PROMPT: Give the entries back exactly as they stand, but without pictures.

INPUT:
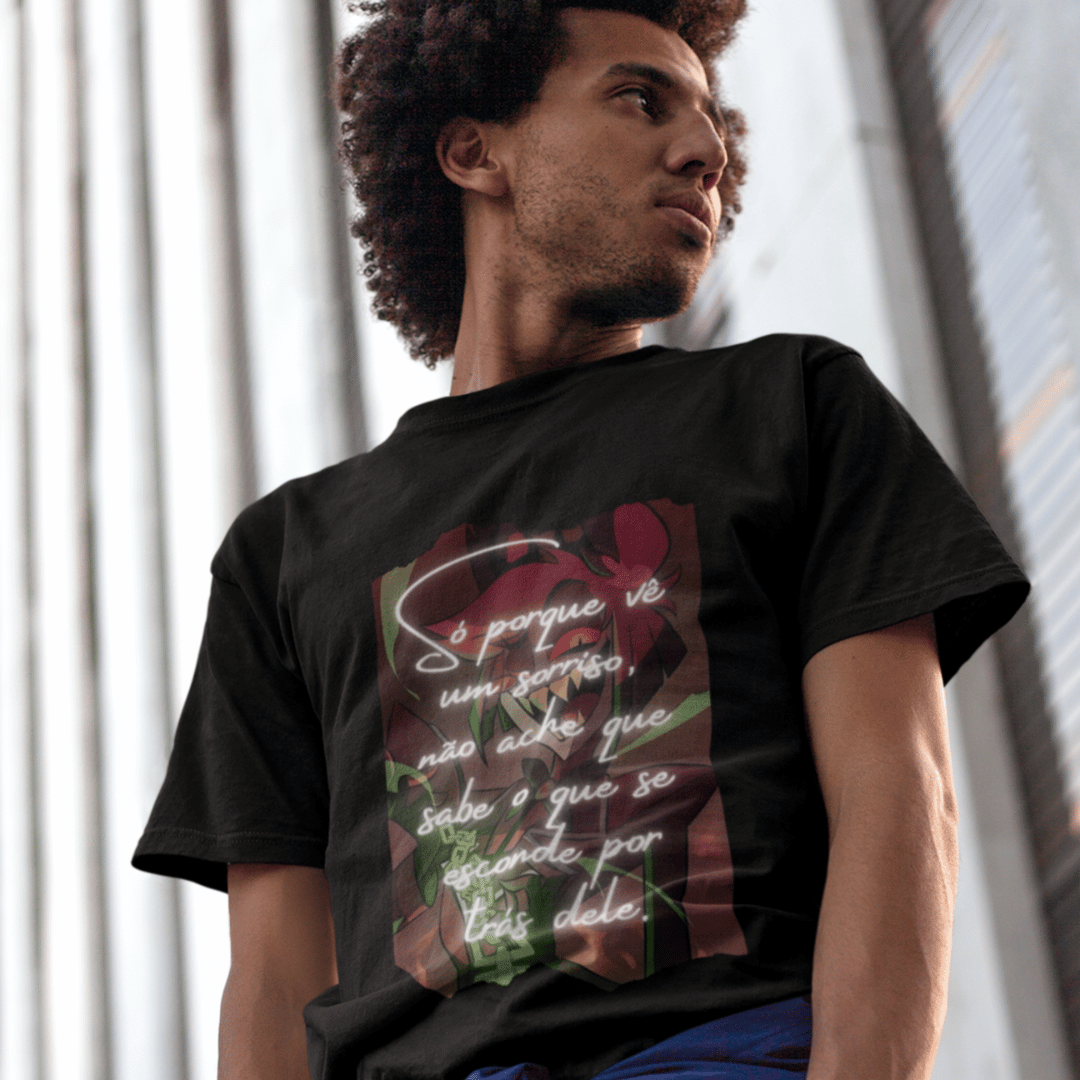 Nome do produto: Camisa Hazbin Hotel - Alastor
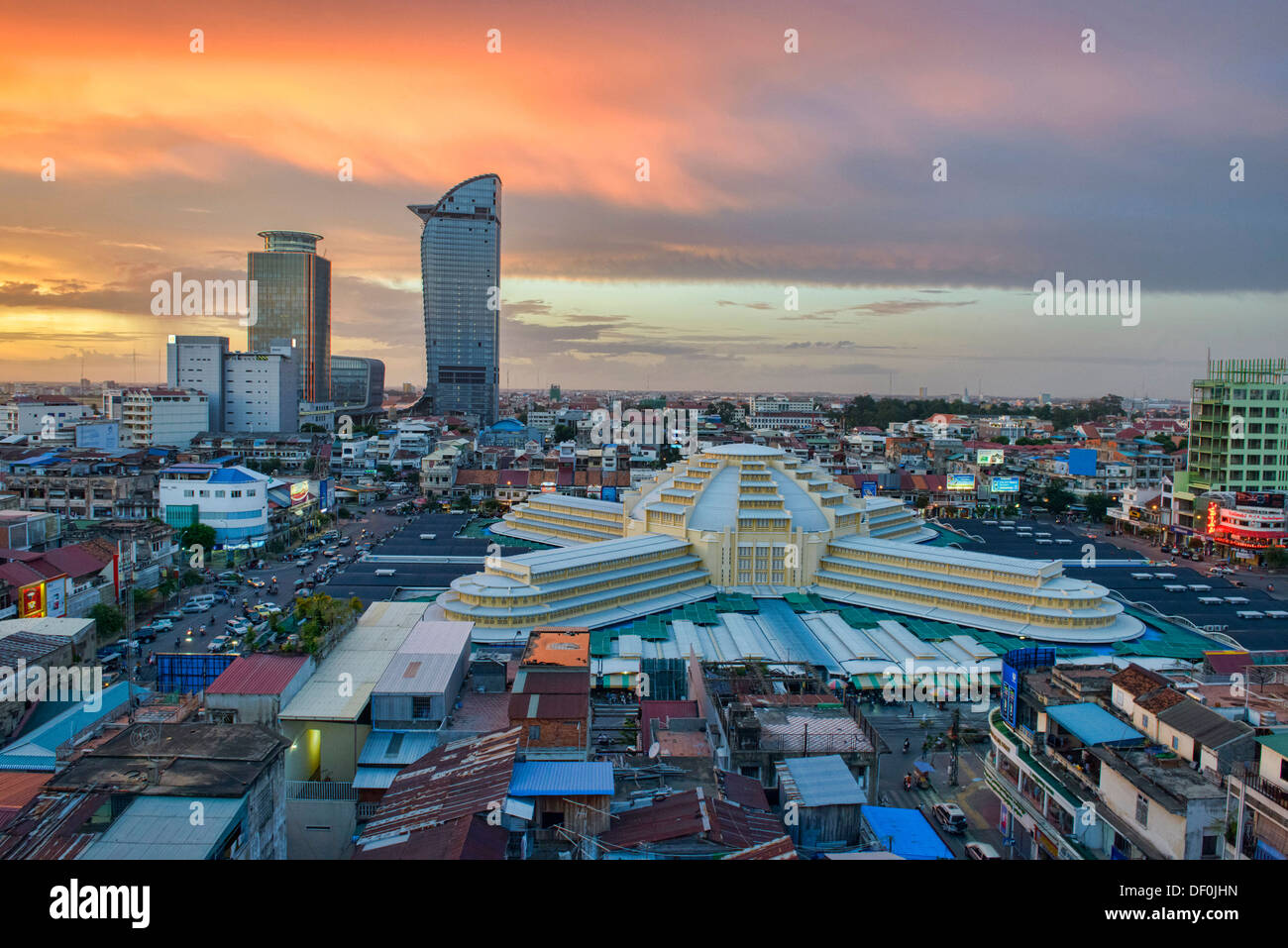 Vue aérienne de l'Art Déco, Psar Thmei, marché central de Phnom Penh Tower, et sur les toits de la ville, Phnom Penh, Cambodge Banque D'Images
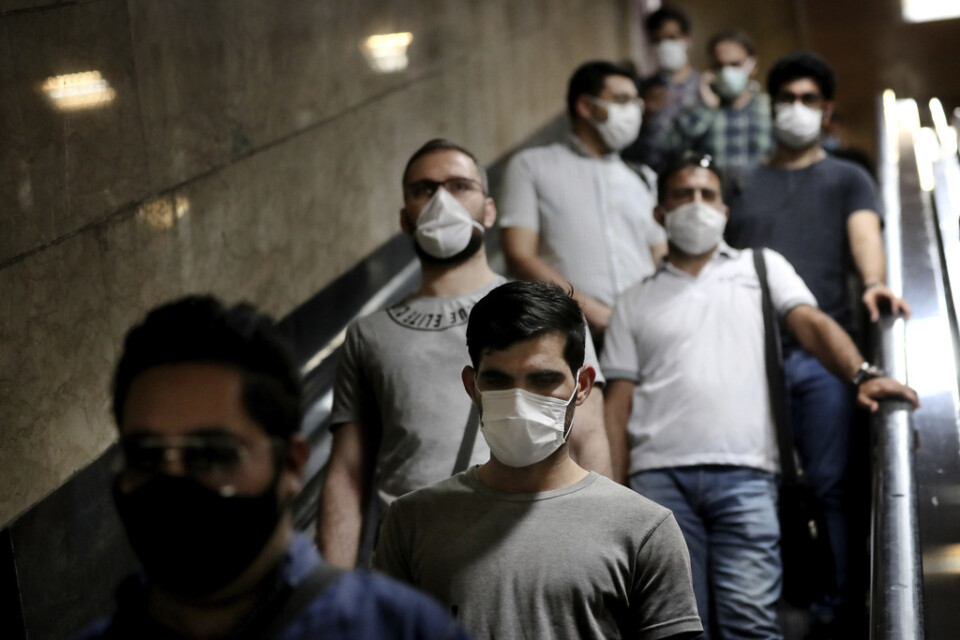 Typisk pandemibild, här Teheran med påbud om munskydd. Vem hade anat detta för ett halvår sedan?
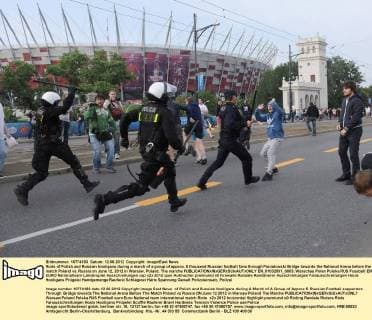 Riots of Polish and Russian hooligans during a march of a group of approx. 5 thousend Russian football fans through Poniatowski Bridge towards the National Arena before the match Poland vs. Russia on June 12, 2012 in Warsaw, Poland. The marche  EN_01032931_0003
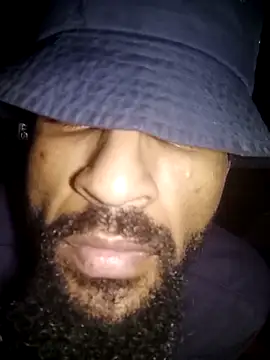 Snapshot of Us3rBuzuh chatting on 03.19.26 Us3rBuzuh online show from 03.19.26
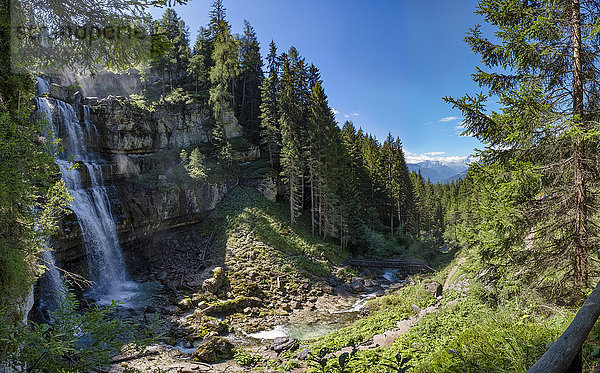 Italien  Trentino  Rendena-Tal  Vallesinella-Wasserfälle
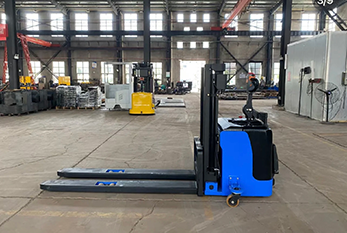 Empilhadeira para caminhão retrátil R15TJS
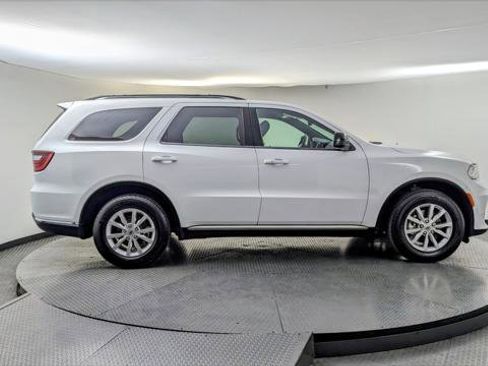 Used 2024 Dodge Durango SXT image 9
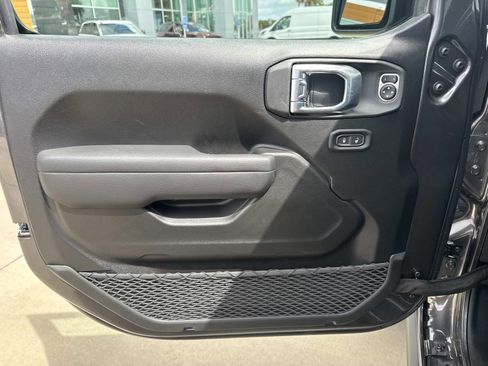 New 2026 Jeep Gladiator Mojave AWD/4WD image 18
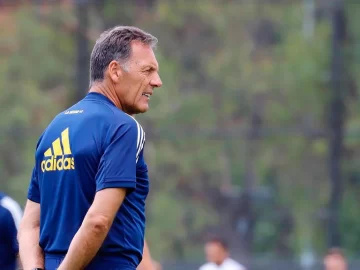 Sin Carlos Tevez y con un cambio de esquema: el equipo de Boca que prepara Russo para recibir a Sarmiento de Junín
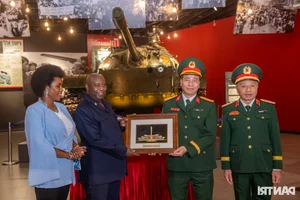 Diplomatic Heritage: President of Burundi Visits the Vietnam Military History Museum in Hanoi - image 3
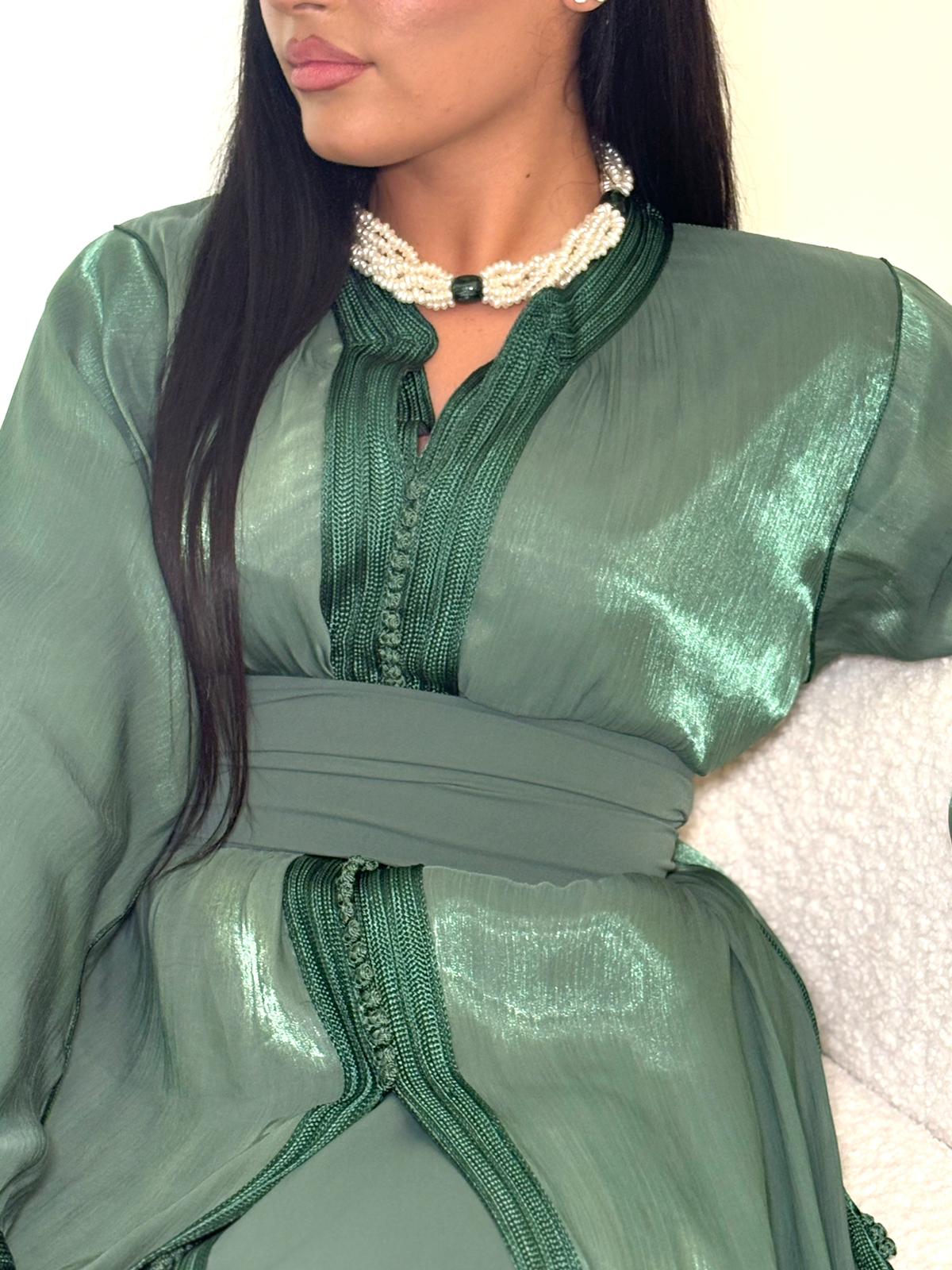 Caftan vert sapin en tissu satiné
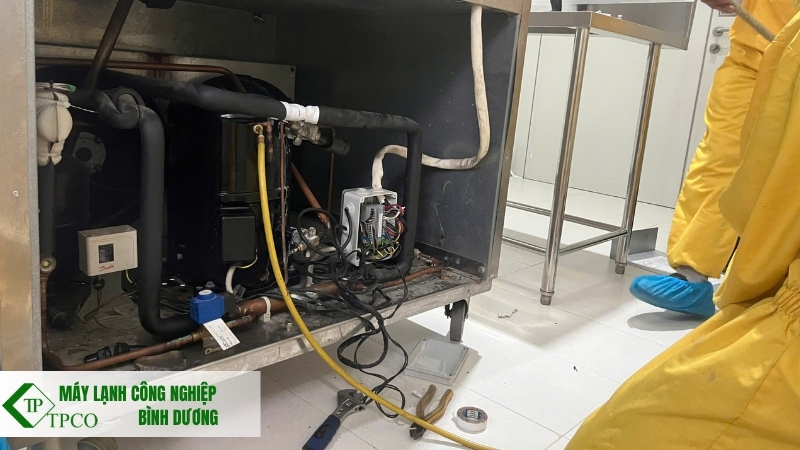 Thay Block Tủ Lạnh Cấp Đông -30 Độ C cho CTY Thực Phẩm Á Châu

SOLUTION TO THIS EXERCISE:
 Nome do produto: Camisa Hazbin Hotel - Alastor
 Vue aérienne de l'Art Déco, Psar Thmei, marché central de Phnom Penh Tower, et sur les toits de la ville, Phnom Penh, Cambodge Banque D'Images
 Typisk pandemibild, här Teheran med påbud om munskydd. Vem hade anat detta för ett halvår sedan?
 Riots of Polish and Russian hooligans during a march of a group of approx. 5 thousend Russian football fans through Poniatowski Bridge towards the National Arena before the match Poland vs. Russia on June 12, 2012 in Warsaw, Poland. The marche  EN_01032931_0003
 Snapshot of Us3rBuzuh chatting on 03.19.26 Us3rBuzuh online show from 03.19.26
 Italien  Trentino  Rendena-Tal  Vallesinella-Wasserfälle
 Empilhadeira para caminhão retrátil R15TJS
 Used 2024 Dodge Durango SXT image 9
 New 2026 Jeep Gladiator Mojave AWD/4WD image 18
 Sin Carlos Tevez y con un cambio de esquema: el equipo de Boca que prepara Russo para recibir a Sarmiento de Junín
 Diplomatic Heritage: President of Burundi Visits the Vietnam Military History Museum in Hanoi - image 3
 Caftan vert sapin en tissu satiné
 Thay Block Tủ Lạnh Cấp Đông -30 Độ C cho CTY Thực Phẩm Á Châu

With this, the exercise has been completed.